Partai Golongan Karya

Dua Calon Ketua Umum Golkar Sama-Sama Punya Solosi Selesaikan Kemelut Golkar

Pengamat Politik menilai kemelut di tubuh Partai Golkar yang terjadi menjelang Musyawarah Nasional (Munas) 2019 lantaran tokoh yang akan bertarung memperebutkan posisi ketua umum memiliki kapasitas yang tidak jauh berbeda. Kemelut yang terjadi menurutnya hanyalah riak-riak kecil dalam partai sebesar Golkar.

“Saya melihat konflik itu efek dari kesetaraan tokoh. Mereka tak punya tokoh tunggal. Maka saya melihat ini positif saja, agar partai lebih matang,” kata Ray Rangkuti dalam diskusi publik Indonesia Political Studies (IPS) bertema ‘Kemelut Golkar Menjelang Munas’ di Jakarta, Kamis (26/9/2019).

Saat ini, sudah dua nama yang dipastikan akan bertarung dalam Munas Partai Golkar 2019, yaitu Bambang Soesatyo (Bamsoet) dan Airlangga Hartarto. Ray menyakini konflik di Partai Golkar tidak akan menjadi besar, karena baik Bamsoet maupun Airlangga sama-sama punya solusi menyelesaikan masalah.

Ray melihat baik Bamsoet ataupun Airlangga mempunyai basis dan karisma masing-masing. Jika dilihat dalam permainan, kata dia, calon ketua umum Golkar itu yang satunya agak keluar, sedangkan yang satu lagi ke dalam.

“Kalau Bamsoet, lebih banyak membangun kekuatan dari luar. Mungkin kekuatan itu untuk dibawa masuk ke dalam. Saya kira dalam dua hari ini, momentum untuk mengamati gerakan mahasiswa itu menjadi momentum bagi Bamsoet. Sehingga Bamsoet-lah yang disorot dalam aksi mahasiswa tersebut,” ujar Ray.

Menurut dia, tentu ada tanggung jawab moral bagi Bamsoet, tapi di saat yang sama dia juga tengah mendapat citra sebagai calon ketum Golkar. Ini berbeda dengan Airlangga, yang terlihat lebih fokus melakukan konsolidasi kekuatan ke dalam.

Lebih jauh, Ray menuturkan, ada satu variabel yang harus diperhatikan dalam menentukan siapa pemenang dalam Munas Golkar nanti. Variabel itu adalah variabel eksternal, dalam hal ini keterlibatan Presiden Jokowi.

“Jadi kemana kira-kira presiden punya kecenderungan dari dua kandidat ini? Keduanya butuh itu, baik Bamsoet dan Airlangga. Sampai saat ini presiden menjaga diri agar tak terlalu terlihat. Sampai nanti jelang pemilihan baru akan terlihat. Faktor ini akan menentukan juga,” ucapnya.
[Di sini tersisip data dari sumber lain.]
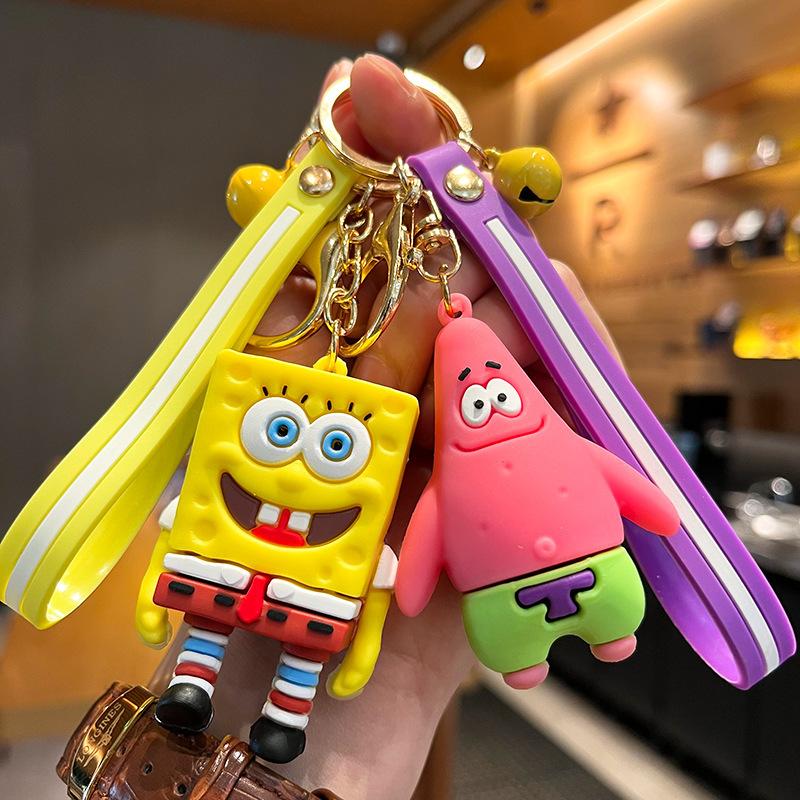 SpongeBob SquarePants Toys Keychain Bag Pendant Anime Patrick Star ...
Pada kesempatan sama, Fungsionaris DPP Partai Golkar Mirwan Bz Vauly mengatakan, Munas Partai Golkar 2019 sebenarnya tidak selalu panas dan banyak kemelut. Bahkan, rapat besar itu kadang seperti perayaan pesta lima tahunan saja.

“Memang menjadi kemelut kalau ada sesuatu atau masalah yang oleh kader dianggap keliru. Karena ada beberapa orang tak mengindakan aturan organisasi,” tuturnya.

Di Partai Golkar, kata Mirwan, banyak aturan yang mestinya mengikat semua kader dan pengurus. Keputusan dan sikap itu harus keluar dari kemufakatan. Bukan dari keputusan seorang ketua umum.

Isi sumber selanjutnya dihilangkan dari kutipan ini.